I have been one of these
at one point or another throughout my life


Now,


I am Both, at Once.


I, with my overly acute Ability
to Read a situation
and skill in 
prescribing the appropriate behavior


in Myself


To Keep the Balance;


So, that things don't get '...Too Way Out...'


That was my Mother's pat phrase
that She would Use
to Reel Me In
if I became too invested in showing,
or even, Feeling 
any emotion ... "too much".


I didn't even realize when I was 5,
Six, 10, Seven, thirteen or even 17;
that she was Dictating to me,


That She WOULD NOT
be asked or expected 


to 'handle' anyone's emotions
(ever again).


I didn't know that was what she was telling me,
And Yet, I Did .....


God, didn't I know it ...


That is when I started honing my skills in
Anticipating situations,
Especially Emotionally Charged Ones,
so I could Put the Wall up,


Don the Armour...


And Intellectualize the Situation
into a Problem to be Figured Out
And ultimately fixed.


(does this sound familiar to anyone out there
who knows me?? WELL .... I'm just figuring this out
for myself .... so, apologies to those who I worked 
this shit out on ...)


So, my brain got Big
My Heart got Small


My Brain learned to "Brother" my Heart
Protect it
Sheild it ....


When Her Mom got Lost in Her emotions when
Her Son never returned from THE WAR,


My Mom took care of all the things that her mom couldn't.
She ...
Ran Away,
Birthed,
Ran Home,
Hit the Love Jackpot,
Lost her Own Son,
And Threw her Emotions away ...


She Would NOT get lost like Her Mom had Done.

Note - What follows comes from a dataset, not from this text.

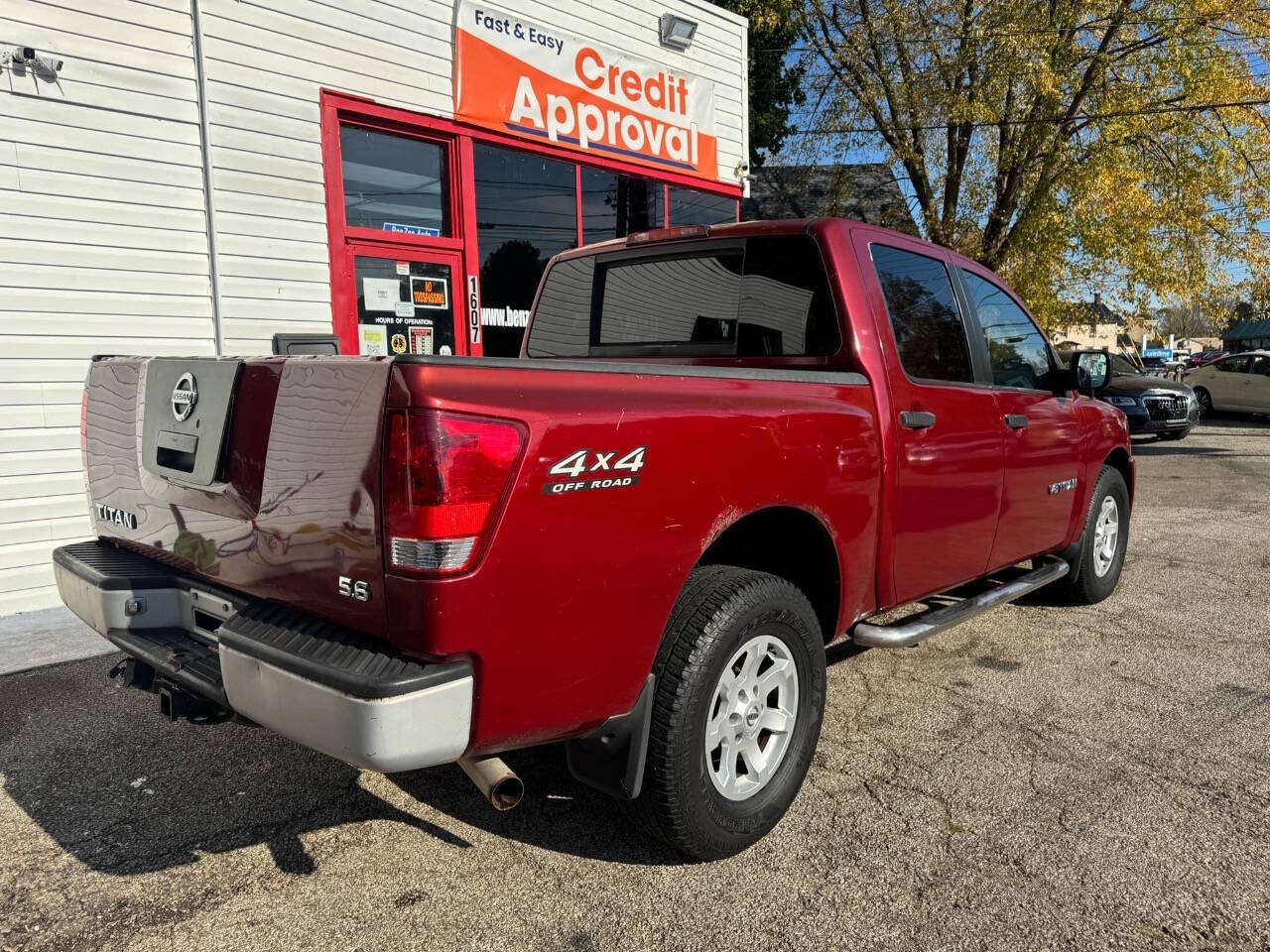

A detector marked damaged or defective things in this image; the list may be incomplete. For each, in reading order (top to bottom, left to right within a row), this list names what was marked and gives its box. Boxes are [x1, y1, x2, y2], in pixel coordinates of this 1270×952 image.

cracked pavement [2, 418, 1270, 952]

I actually believe that I was born
with a HUGE HEART,
But was taught, skillfully
To Hide it.


I Brothered my Heart
I fathered my Brain
And I mothered every Weak Soul
That came into my Path ... or even NEAR 
my path ....


Momma's Boys at school in first grade
Momma's wanna-be-boys later in life ...


I was so good at Deflect and Coddle!
When I should have been mothering MYSELF ....


And Here's the Real Kick in the Ass .... :


When I was depleted of mySELF
and No Longer able to Feaux Mother anyone who would
take, take, take ...


A nudging from God came along
to someone Else ...


In order to Get my Attention.


She talked of being a Balance
for my Fear of Heights ....


I don't think I was ever truly afraid of heights;
It was emotions that would make me flutter and fly
That I feared.


She loved my Words
But she also saw my Heart
My Child-like Heart ....
And Love it too


And I mistakenly thought I had been saved.
Thankfully I had been seen, then Loved
But not Saved .... I think maybe the thought of 
Being my savior scared Her more than Anything.


So Why did she Elicit all those Raw, ImBalanced
Emotions in me??????


Because, for the First time in my Life,
My Heart was Awake and Warming
to the Potential
at Finally
Being Mothered ....




I wanted you to Mother my Heart ....
I get it now.
Even though it was a part -- a Natural part --
Of my Development, albeit Delayed;
I am sorry that That is what I needed when You came along.


And, by the way ... ?


You did a fine job.
And so Did my Mother
For what you both had to Deal with ....


And too also ... ?


I'm doing a pretty damned good job, Myself
Given what I have had to Deal with ....


And, so the Beat Goes On ....


(C)2011jsblankenship



1 comment:

Unknown said...

This is so beautiful, insightful, and again very well written. It seems as though you have figured out a lot about yourself and your ability to cope. That is really good stuff. Now just relax and let yourself "be." You have to grieve to heal Jac and I am very happy that you are finally letting go and doing that.